Não se trata aqui de uma história de superação, pois assim cairíamos na
armadilha da promoção da autoajuda, mas certamente tem a ver com uma nova
perspectivação da realidade. Obviamente, não quero dizer que passei a dar mais
valor às pequenas coisas porque as perdi temporariamente. Acho isso tão lamentável
e escroto quanto aquela prática de levar crianças ricas para conhecerem
orfanatos a fim de, com isso, elas passarem a dar mais valor à família e ao que têm
em casa. Ou seja, você vê a dor do outro e dá graças a Deus por não ter de
senti-la. Uma aula de solidariedade burguesa! Não é isso! Desse caminho eu
estou fora! Mas quero retomar minha linha de raciocínio considerando duas dimensões
sobre essa questão.
A primeira delas
é o aspecto individual sim e alguns poderão até confundir com autoajuda, embora
eu negue isso até o último dos meus dias. Ocorre que observando a progressão
dos fatos recentes pelos quais passei e os objetos com que precisei contar e
com os quais convivi, como cama, cadeira de rodas e muletas, entendi que nossas
maiores necessidades são altamente mutáveis a cada dia e que cada etapa ganha e
perde seu valor. Machado de Assis falou sobre isso no conto “O espelho”, quando
disse que a alma exterior do ser humano, ou seja, aquilo que o completa
existencialmente, muda de forma e muda de figura constantemente. Por isso,
quando eu era criança, achava que um brinquedo era muito mais legal do que acho
hoje, assim como há alguns dias atrás ter conseguido ir ao banheiro sozinho foi
muito mais incrível do que é agora. Aliás, as barras de apoio no vaso e no chuveiro
já estão quase voltando a ser invisíveis de novo.
É aí que entra a
segunda dimensão do que eu aprendi: a invisibilidade. Percebi que deficiente mesmo
é o modo como a sociedade enxerga o deficiente.

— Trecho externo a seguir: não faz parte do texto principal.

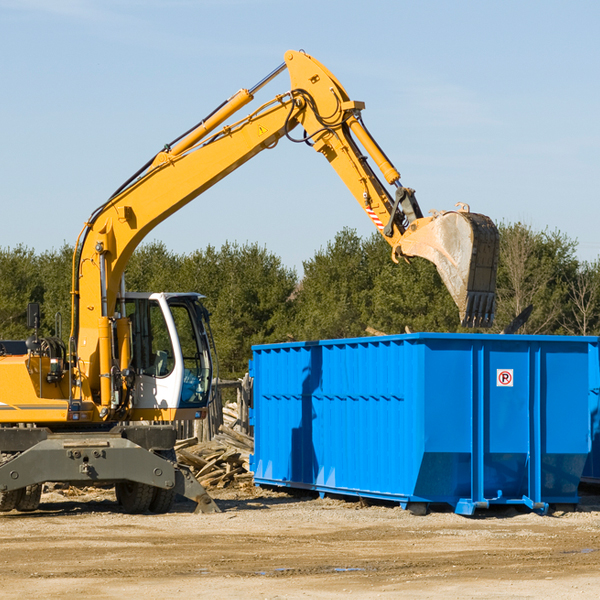 can i choose the location where the residential dumpster will be placed in Arminto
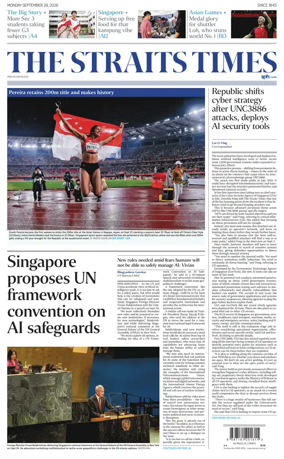 Cover of The Straits Times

Desculpe o uso do termo
politicamente incorreto, mas precisei dele para criar o trocadilho! Como
portador temporário de uma necessidade especial, não aprendi a dar mais valor à
minha capacidade motora, desenvolvi sim foi uma profunda indignação que se soma
a outras tantas que eu já acumulo e que no fundo têm sempre o mesmo pano de
fundo: a exclusão. Ela é mais do que um princípio, é um valor cultivado,
disseminado e perpetuado em nossa sociedade. Se o mundo fosse pensado numa
perspectiva inclusiva, ele seria acessível para todos. Todos! Seus corredores seriam
largos, suas portas seriam mais amplas, seu chão seria menos irregular e
teríamos rampas menos íngremes e mais elevadores. No entanto, como os
arquitetos do mundo se consideram os eficientes, todos os caminhos continuarão
estreitos e suas portas permanecerão fechadas.
Enfim, o que
verdadeiramente importa na vida de alguém não é o pensamento positivo, mas o
pensamento coletivo. Quem tem de mudar de atitude diante da vida não é o
chamado deficiente, mas o que se acha eficiente. O que de fato precisamos, meu
caro Coelho, é de menos autoajuda e de mais cidadania.